Pero obviamente, como adolescente hormonada que soy, mi historia no acaba aquí. Ese mismo año conocí a otro chico que me hizo olvidarme del primero. En serio, me hizo olvidarme de él y, os lo digo desde la más máxima sinceridad, a veces echo de menos hablar con él. Simplemente eso, hablar y reír como lo hacíamos. Y también pelear, porque con él me peleé varias veces, por el simple hecho de que no olvidaba a su ex y escucharlo constantemente decirme que yo le gustaba pero que todavía tenía que arreglar las cosas con ella, me hacía mucho daño. Y yo ya había tenido la dosis suficiente, así que finalmente lo dejamos, no sin antes volvernos a pelear, en fin, en esa época era muy impulsiva y si se me pasaba algo por la cabeza lo decía sin más. Muchas veces él se lo merecía por subnormal.
En verano del mismo año, conocí a un chico, y era como El Chico (pero no del que os quiero hablar). Todo el mundo hablaba de él, era un sueño erótico y romántico de la mayoría de las chicas y que, de entre todas, me eligiese a mí, fue como really?
Pero bueno, este chico lo único emocionante que hizo por mí fue mandarme un mensaje a las 03:00 a.m. diciéndome que me pedía perdón y blah blah. No me interesa.
Y, finalmente, un año después, volví a tener un novio con el que me arrepiento haber estado. El chico era imbécil, yo salí con él porque me sentía sola, estaba todo el rato pegado a mi culo. Obviamente acabamos mal y una vez me empujó por las escaleras. Gracias a Dios que tengo reflejos y no me caí. En fin, que la cosa esa tenía pocas luces, y aunque a veces me digo a mí misma que algo le tuve que ver...es que no lo encuentro.
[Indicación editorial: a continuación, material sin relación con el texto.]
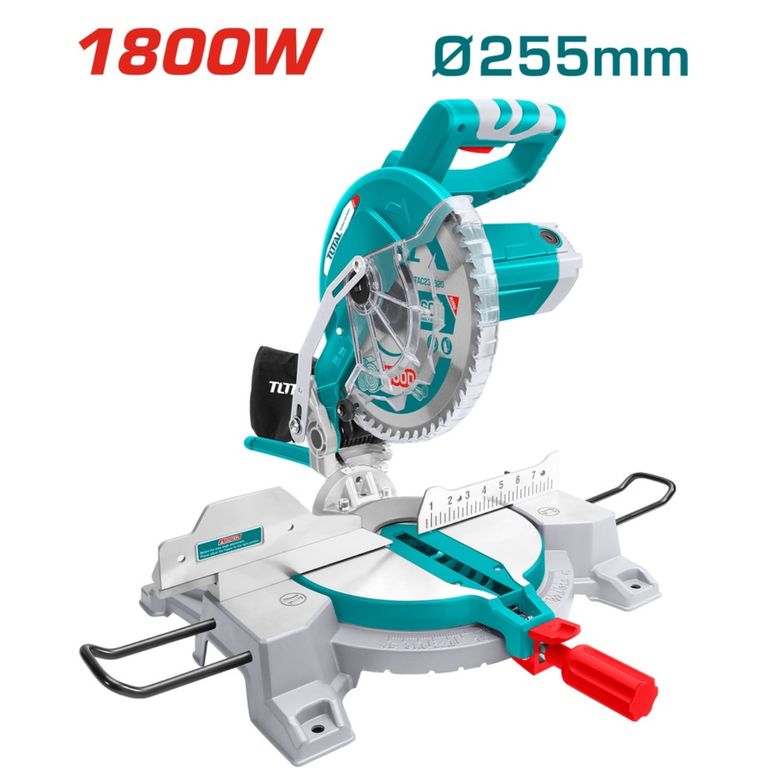 Sierra Ingleteadora 1800w 10 Industrial Total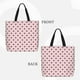 thumbnail image 2 of Fotbe Cute Cat Bolsa Tote con Estampado para Mujer, Bolsos con Cremallera, Bolsa de Hombro Casual de Gran Capacidad con Bolsillos Internos, 2 of 7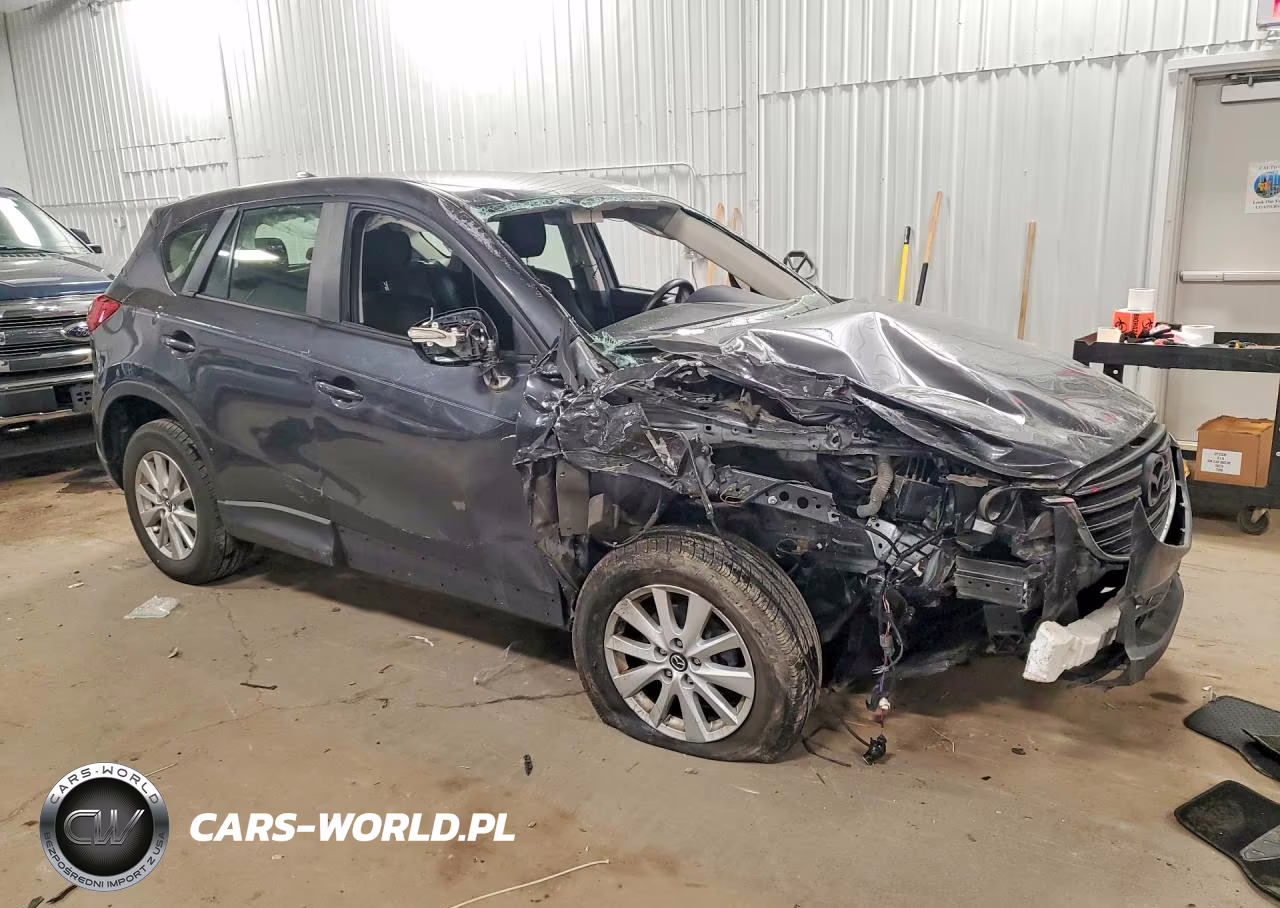 2016 Mazda Cx-5 Sport VIN:JM3KE4BY5G0641280 - 4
Aquí hemos llegado al fin de mi vida amorosa. Y vosotros diréis ¿qué mierda buscaba con contárnosla? ¿por qué tenemos que conocerla antes de saber sobre El Chico? Bueno, yo os respondo. Solo quiero que veáis que a pesar de los palos que me he llevado, porque han sido muchos, sigo en busca del amor, de la historia complicada, con peleas y...lo que viene después, con insultos, con abrazos, con besos apasionados, difícilespero sinceras, una historia de amor como la de un jodido libro que cuando se la cuente a mis hijos, ellos quieran tener una igual o mejor. Y eso, chicos, es lo que veo en El Chico (el de verdad) cada vez que le miro.
Pero como esta entrada ya es muy larga, y tanta dosis de romanticismo y drama pesa al final, os contaré quién es El Chico y qué pasará con él más adelante. Porque tengo un plan amigos, un plan que se llama; ''De Caza En La Biblioteca'', y, en serio, parece mejor de lo que suena. O peor. Pero eso no lo sabré hasta que lo intente.